- WORK TO COMPLETE
Transcribe the line that contains "フルネス三浦 ｜愛媛県松山市高岡町(賃貸マンション1DK・5階・53.34㎡)の写真 その13" and every line after it to the end of the records, exactly and nothing else. Skip the pictures.

- ENTRIES PROVIDED
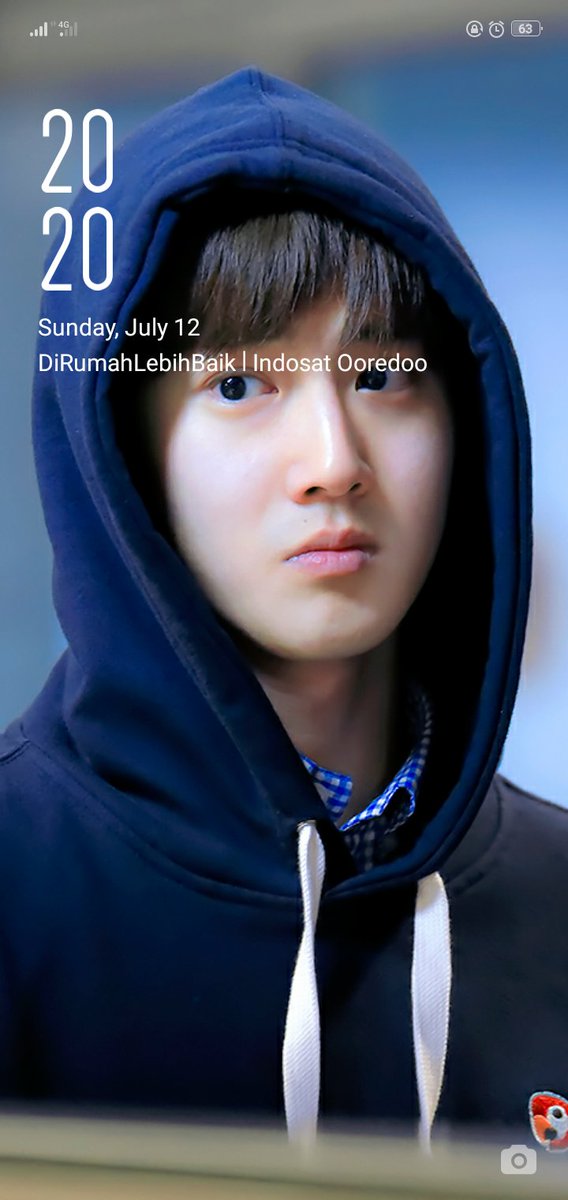 heyyybutterfly9's tweet photo. Angen スホ😣💜💜💜
あなたがいなくて寂しいです
#スホ
#SUHO #EXO #EXO_SC #weareoneEXO #EXOL #exoleader #missusomuch https://t.co/oXg35qeugz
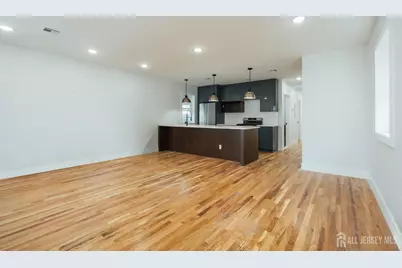 88 Hollywood Avenue #2, East Orange, NJ 07018 - Photo 4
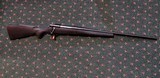WEATHERBY VANGUARD 270 WIN CAL RIFLE - 4 of 5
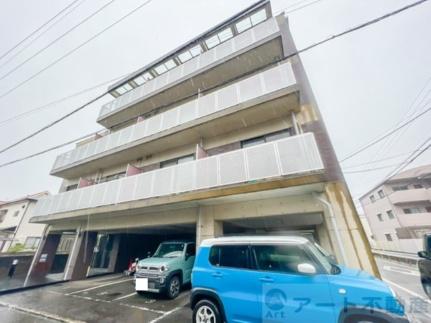 フルネス三浦 ｜愛媛県松山市高岡町(賃貸マンション1DK・5階・53.34㎡)の写真 その13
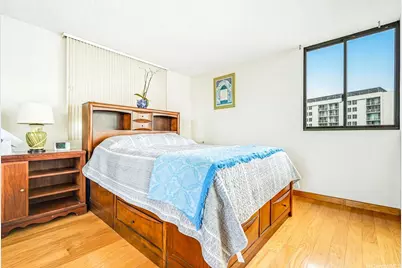 3050 Ala Poha Place #15E, Honolulu, HI 96818 - Photo 8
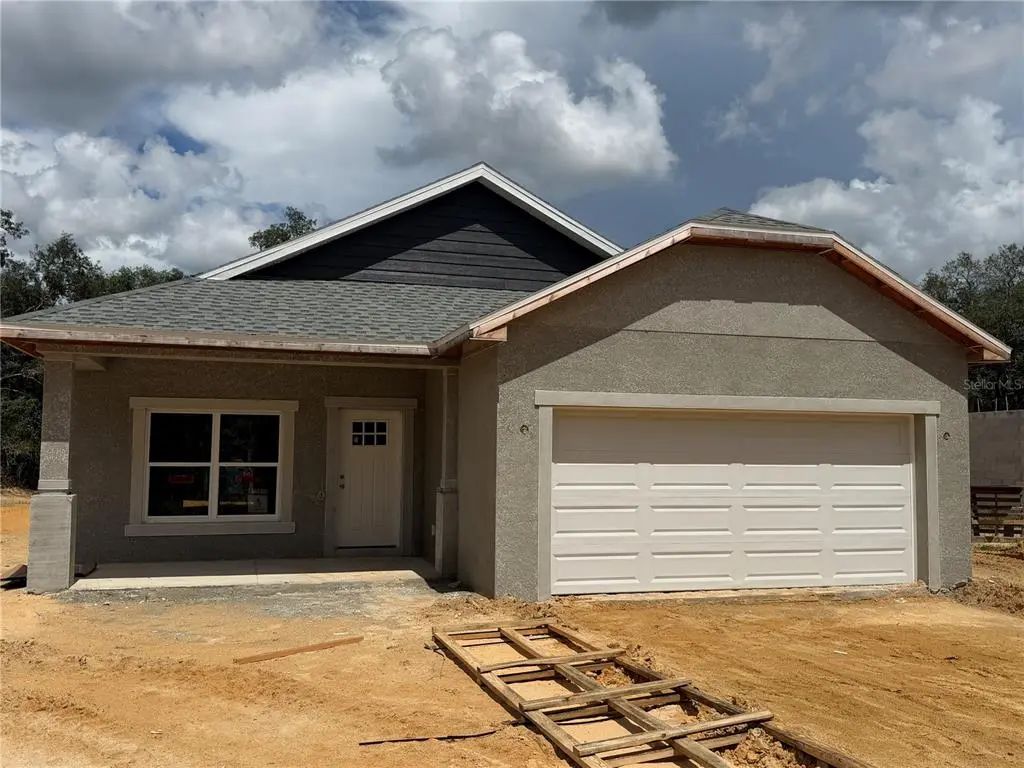 34281 Manuel Street, WEBSTER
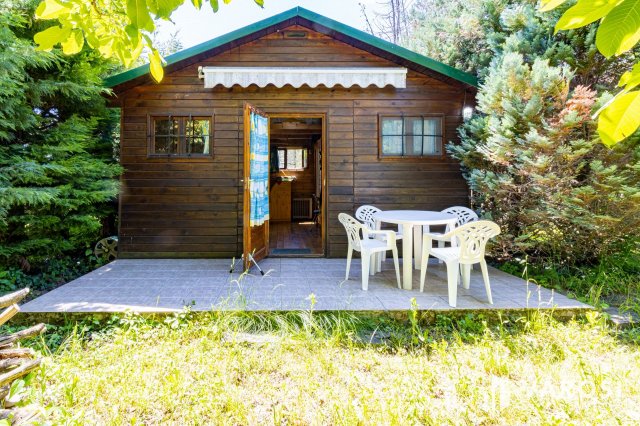 Eladó telek, Gödöllőn 55 M Ft / költözzbe.hu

- TASK SOLUTION
 フルネス三浦 ｜愛媛県松山市高岡町(賃貸マンション1DK・5階・53.34㎡)の写真 その13
 3050 Ala Poha Place #15E, Honolulu, HI 96818 - Photo 8
 34281 Manuel Street, WEBSTER
 Eladó telek, Gödöllőn 55 M Ft / költözzbe.hu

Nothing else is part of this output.